WORK INSTRUCTIONS:
The whole listing below should be duplicated exactly, with nothing left out.

RECORDS FOR THE EXERCISE:
━━━━━━━━

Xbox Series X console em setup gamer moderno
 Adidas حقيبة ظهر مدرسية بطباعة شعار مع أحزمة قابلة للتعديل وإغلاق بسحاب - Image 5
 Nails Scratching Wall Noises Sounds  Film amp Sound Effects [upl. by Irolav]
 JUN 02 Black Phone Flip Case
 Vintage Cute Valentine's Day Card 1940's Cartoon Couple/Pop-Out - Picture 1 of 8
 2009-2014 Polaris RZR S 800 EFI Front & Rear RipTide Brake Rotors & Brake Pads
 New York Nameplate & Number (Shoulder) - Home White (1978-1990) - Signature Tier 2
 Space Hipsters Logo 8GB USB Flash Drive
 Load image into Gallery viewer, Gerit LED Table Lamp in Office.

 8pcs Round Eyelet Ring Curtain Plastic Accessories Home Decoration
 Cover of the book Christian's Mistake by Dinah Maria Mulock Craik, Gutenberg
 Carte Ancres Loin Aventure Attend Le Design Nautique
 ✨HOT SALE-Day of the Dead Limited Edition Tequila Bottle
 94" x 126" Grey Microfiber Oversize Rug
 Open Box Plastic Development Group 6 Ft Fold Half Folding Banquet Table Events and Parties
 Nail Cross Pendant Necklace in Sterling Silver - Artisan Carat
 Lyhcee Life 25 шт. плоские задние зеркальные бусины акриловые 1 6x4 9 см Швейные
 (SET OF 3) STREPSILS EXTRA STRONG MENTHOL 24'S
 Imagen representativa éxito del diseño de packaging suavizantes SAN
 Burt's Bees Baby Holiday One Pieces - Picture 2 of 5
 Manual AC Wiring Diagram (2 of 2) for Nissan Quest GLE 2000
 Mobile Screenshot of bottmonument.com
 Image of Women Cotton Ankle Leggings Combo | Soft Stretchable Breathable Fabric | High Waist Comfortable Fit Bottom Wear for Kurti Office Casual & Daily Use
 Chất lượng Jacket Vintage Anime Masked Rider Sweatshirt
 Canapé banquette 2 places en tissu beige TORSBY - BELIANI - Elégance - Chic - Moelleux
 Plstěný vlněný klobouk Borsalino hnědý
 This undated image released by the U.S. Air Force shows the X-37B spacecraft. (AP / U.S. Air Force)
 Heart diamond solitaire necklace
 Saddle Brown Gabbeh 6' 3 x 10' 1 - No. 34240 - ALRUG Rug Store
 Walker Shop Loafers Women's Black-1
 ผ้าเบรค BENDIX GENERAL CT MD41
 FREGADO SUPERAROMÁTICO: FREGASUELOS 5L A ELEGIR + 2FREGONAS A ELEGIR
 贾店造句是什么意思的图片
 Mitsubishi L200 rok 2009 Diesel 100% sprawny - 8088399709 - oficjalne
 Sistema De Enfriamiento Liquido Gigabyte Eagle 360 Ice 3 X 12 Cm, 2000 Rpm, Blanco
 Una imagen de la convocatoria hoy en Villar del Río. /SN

━━━━━━━━

OUTPUT:
Xbox Series X console em setup gamer moderno
 Adidas حقيبة ظهر مدرسية بطباعة شعار مع أحزمة قابلة للتعديل وإغلاق بسحاب - Image 5
 Nails Scratching Wall Noises Sounds  Film amp Sound Effects [upl. by Irolav]
 JUN 02 Black Phone Flip Case
 Vintage Cute Valentine's Day Card 1940's Cartoon Couple/Pop-Out - Picture 1 of 8
 2009-2014 Polaris RZR S 800 EFI Front & Rear RipTide Brake Rotors & Brake Pads
 New York Nameplate & Number (Shoulder) - Home White (1978-1990) - Signature Tier 2
 Space Hipsters Logo 8GB USB Flash Drive
 Load image into Gallery viewer, Gerit LED Table Lamp in Office.

 8pcs Round Eyelet Ring Curtain Plastic Accessories Home Decoration
 Cover of the book Christian's Mistake by Dinah Maria Mulock Craik, Gutenberg
 Carte Ancres Loin Aventure Attend Le Design Nautique
 ✨HOT SALE-Day of the Dead Limited Edition Tequila Bottle
 94" x 126" Grey Microfiber Oversize Rug
 Open Box Plastic Development Group 6 Ft Fold Half Folding Banquet Table Events and Parties
 Nail Cross Pendant Necklace in Sterling Silver - Artisan Carat
 Lyhcee Life 25 шт. плоские задние зеркальные бусины акриловые 1 6x4 9 см Швейные
 (SET OF 3) STREPSILS EXTRA STRONG MENTHOL 24'S
 Imagen representativa éxito del diseño de packaging suavizantes SAN
 Burt's Bees Baby Holiday One Pieces - Picture 2 of 5
 Manual AC Wiring Diagram (2 of 2) for Nissan Quest GLE 2000
 Mobile Screenshot of bottmonument.com
 Image of Women Cotton Ankle Leggings Combo | Soft Stretchable Breathable Fabric | High Waist Comfortable Fit Bottom Wear for Kurti Office Casual & Daily Use
 Chất lượng Jacket Vintage Anime Masked Rider Sweatshirt
 Canapé banquette 2 places en tissu beige TORSBY - BELIANI - Elégance - Chic - Moelleux
 Plstěný vlněný klobouk Borsalino hnědý
 This undated image released by the U.S. Air Force shows the X-37B spacecraft. (AP / U.S. Air Force)
 Heart diamond solitaire necklace
 Saddle Brown Gabbeh 6' 3 x 10' 1 - No. 34240 - ALRUG Rug Store
 Walker Shop Loafers Women's Black-1
 ผ้าเบรค BENDIX GENERAL CT MD41
 FREGADO SUPERAROMÁTICO: FREGASUELOS 5L A ELEGIR + 2FREGONAS A ELEGIR
 贾店造句是什么意思的图片
 Mitsubishi L200 rok 2009 Diesel 100% sprawny - 8088399709 - oficjalne
 Sistema De Enfriamiento Liquido Gigabyte Eagle 360 Ice 3 X 12 Cm, 2000 Rpm, Blanco
 Una imagen de la convocatoria hoy en Villar del Río. /SN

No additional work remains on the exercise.